DIRECTIONS FOR THIS TASK: What are the lines below, starting at the line containing "Аварийная разблокировка." and ending at the line containing "Smart Makhana Brands Automate"? Write them out exactly, ends included, without pictures.

DATA:
%%
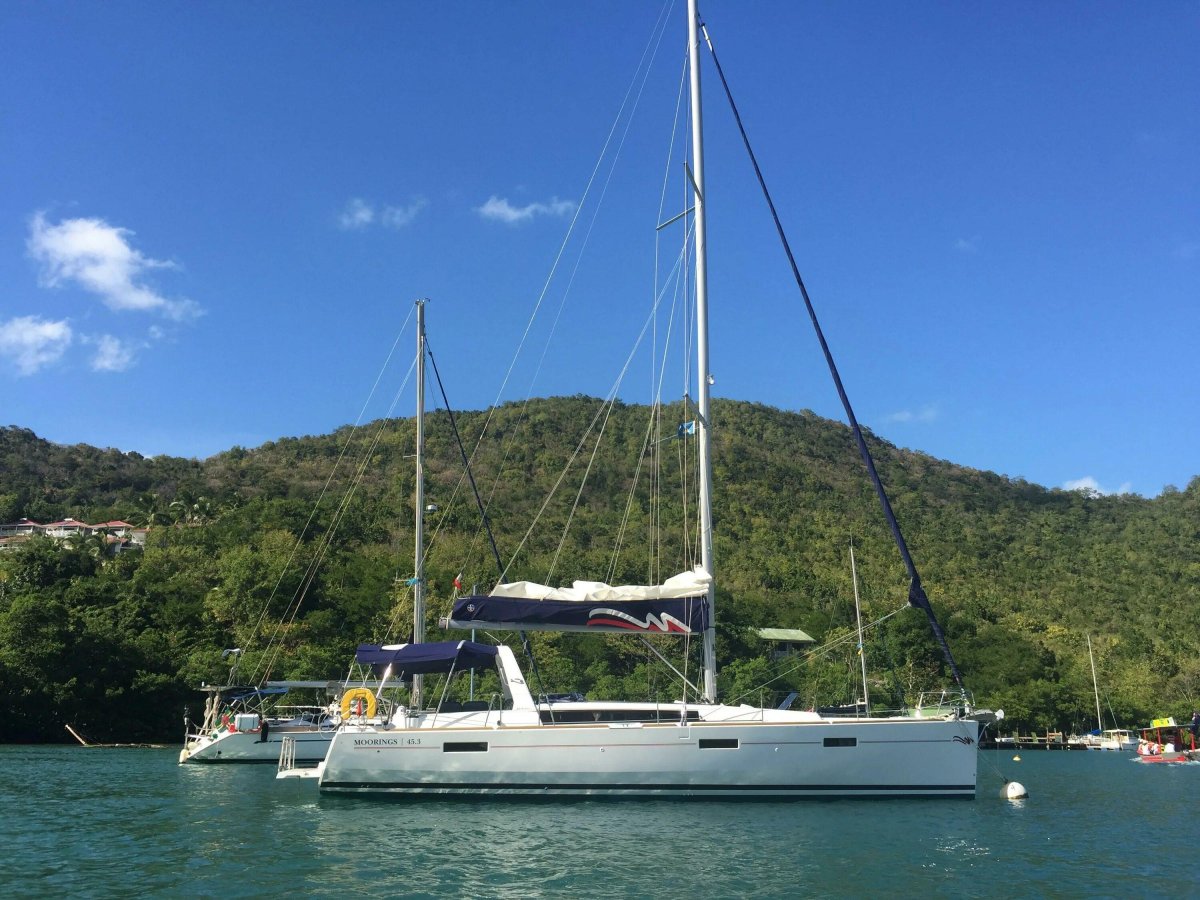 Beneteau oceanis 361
%%
%%
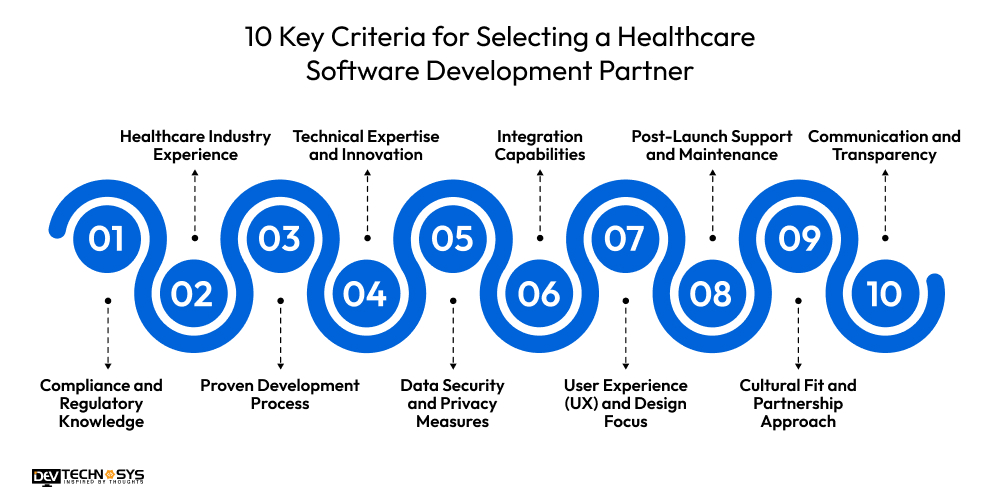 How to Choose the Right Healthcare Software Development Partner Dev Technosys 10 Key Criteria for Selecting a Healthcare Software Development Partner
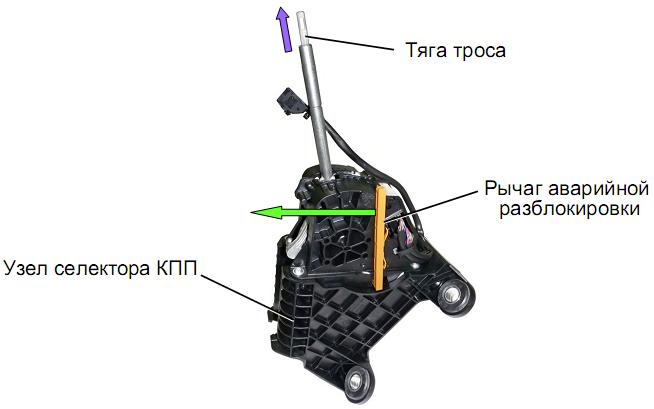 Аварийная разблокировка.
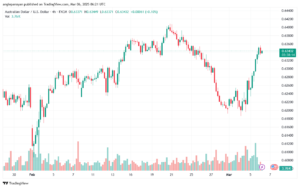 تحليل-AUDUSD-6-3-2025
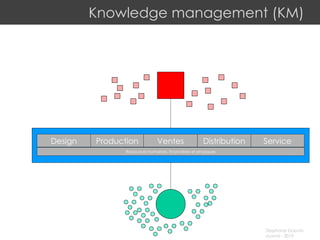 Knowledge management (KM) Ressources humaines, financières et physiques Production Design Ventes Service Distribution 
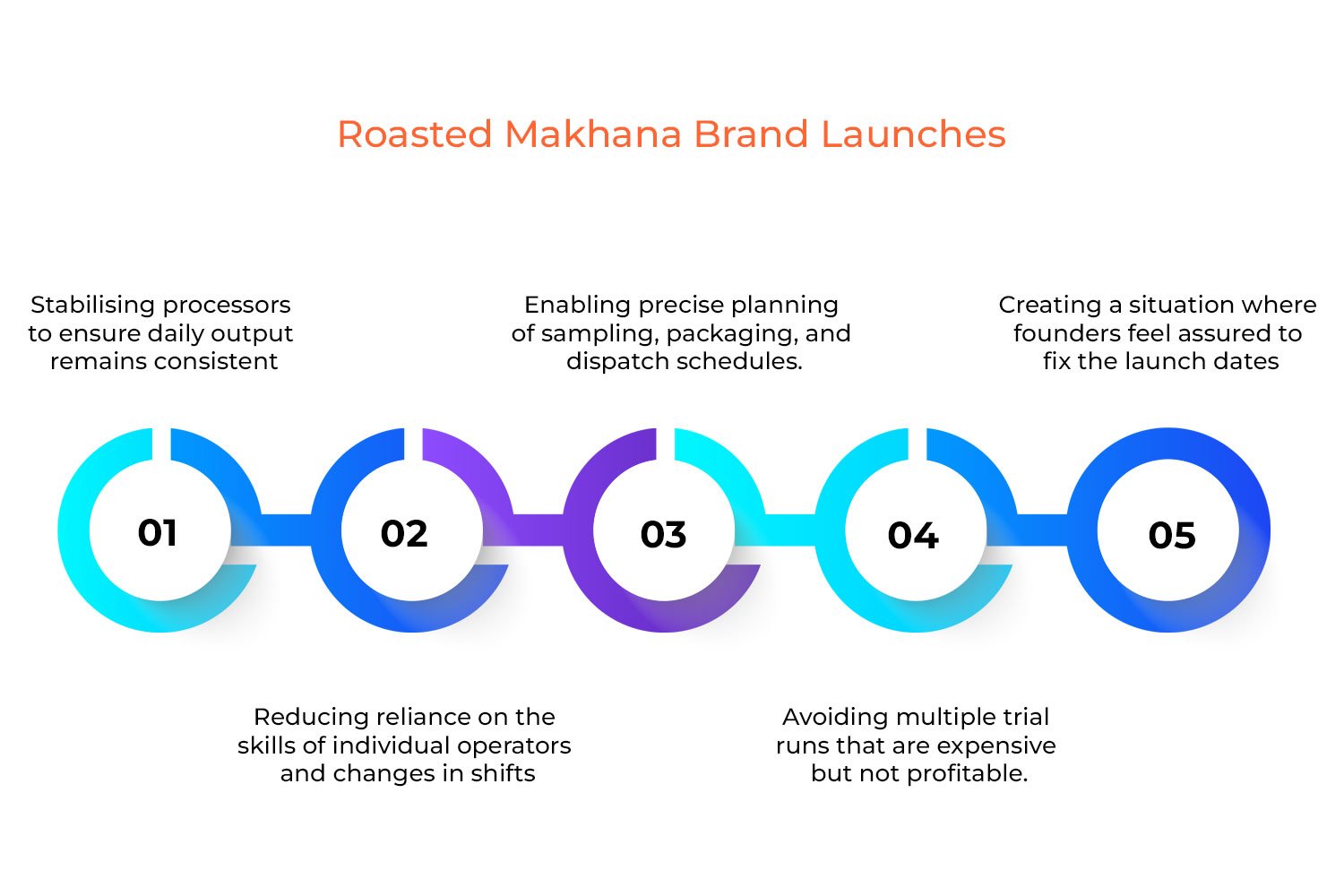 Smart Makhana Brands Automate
%%
REPLY:
 Аварийная разблокировка.
 تحليل-AUDUSD-6-3-2025
 Knowledge management (KM) Ressources humaines, financières et physiques Production Design Ventes Service Distribution 
 Smart Makhana Brands Automate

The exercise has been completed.